=== Available data ===
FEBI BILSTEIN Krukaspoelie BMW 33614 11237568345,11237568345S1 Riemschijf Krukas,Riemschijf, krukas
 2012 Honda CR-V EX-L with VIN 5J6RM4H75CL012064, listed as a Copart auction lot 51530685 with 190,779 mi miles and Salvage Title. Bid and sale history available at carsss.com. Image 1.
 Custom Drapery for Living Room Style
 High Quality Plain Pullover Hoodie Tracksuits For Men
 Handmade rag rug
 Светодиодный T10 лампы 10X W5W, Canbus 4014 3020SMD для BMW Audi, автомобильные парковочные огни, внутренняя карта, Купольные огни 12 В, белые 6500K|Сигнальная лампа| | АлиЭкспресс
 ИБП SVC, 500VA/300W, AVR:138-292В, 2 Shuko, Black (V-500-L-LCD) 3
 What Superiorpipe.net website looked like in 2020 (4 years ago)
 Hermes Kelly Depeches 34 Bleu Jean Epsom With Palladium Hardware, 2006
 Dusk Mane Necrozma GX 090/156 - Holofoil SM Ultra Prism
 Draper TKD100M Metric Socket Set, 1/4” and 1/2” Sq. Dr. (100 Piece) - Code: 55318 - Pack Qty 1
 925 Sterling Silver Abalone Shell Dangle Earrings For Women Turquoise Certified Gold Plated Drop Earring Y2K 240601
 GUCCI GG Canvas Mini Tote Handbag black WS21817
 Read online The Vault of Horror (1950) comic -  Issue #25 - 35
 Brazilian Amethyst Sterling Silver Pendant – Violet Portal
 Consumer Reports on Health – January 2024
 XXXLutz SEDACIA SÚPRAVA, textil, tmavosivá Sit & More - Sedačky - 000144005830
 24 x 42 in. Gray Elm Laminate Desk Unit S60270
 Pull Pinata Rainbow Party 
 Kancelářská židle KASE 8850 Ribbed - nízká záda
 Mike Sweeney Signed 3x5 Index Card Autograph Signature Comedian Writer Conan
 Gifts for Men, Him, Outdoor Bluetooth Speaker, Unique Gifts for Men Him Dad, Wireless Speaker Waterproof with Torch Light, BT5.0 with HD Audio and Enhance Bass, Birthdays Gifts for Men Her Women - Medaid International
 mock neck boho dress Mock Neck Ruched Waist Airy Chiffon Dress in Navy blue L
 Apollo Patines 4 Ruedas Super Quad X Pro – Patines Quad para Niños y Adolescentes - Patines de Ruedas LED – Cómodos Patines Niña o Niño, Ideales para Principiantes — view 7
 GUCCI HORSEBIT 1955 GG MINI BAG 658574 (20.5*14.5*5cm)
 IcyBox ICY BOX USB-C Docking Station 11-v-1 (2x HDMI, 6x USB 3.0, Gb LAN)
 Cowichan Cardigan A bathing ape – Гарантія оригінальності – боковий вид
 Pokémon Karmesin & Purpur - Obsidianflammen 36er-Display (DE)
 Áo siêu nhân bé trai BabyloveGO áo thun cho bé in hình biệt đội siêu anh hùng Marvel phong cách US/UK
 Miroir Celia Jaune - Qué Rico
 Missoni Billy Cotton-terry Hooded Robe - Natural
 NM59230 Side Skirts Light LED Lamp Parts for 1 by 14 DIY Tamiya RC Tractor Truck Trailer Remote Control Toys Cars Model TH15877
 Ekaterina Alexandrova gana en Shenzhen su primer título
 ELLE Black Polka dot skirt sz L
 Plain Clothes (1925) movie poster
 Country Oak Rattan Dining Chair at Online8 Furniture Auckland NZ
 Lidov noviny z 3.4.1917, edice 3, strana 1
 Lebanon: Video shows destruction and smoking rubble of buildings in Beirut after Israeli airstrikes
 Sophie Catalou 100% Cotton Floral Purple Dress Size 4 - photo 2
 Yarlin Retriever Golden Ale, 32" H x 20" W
===
### Prompt
Only the lines from the one containing "ELLE Black Polka dot skirt sz L" through the final line of the material should be printed, each word for word. Both of those lines count.

### Result for this exercise
 ELLE Black Polka dot skirt sz L
 Plain Clothes (1925) movie poster
 Country Oak Rattan Dining Chair at Online8 Furniture Auckland NZ
 Lidov noviny z 3.4.1917, edice 3, strana 1
 Lebanon: Video shows destruction and smoking rubble of buildings in Beirut after Israeli airstrikes
 Sophie Catalou 100% Cotton Floral Purple Dress Size 4 - photo 2
 Yarlin Retriever Golden Ale, 32" H x 20" W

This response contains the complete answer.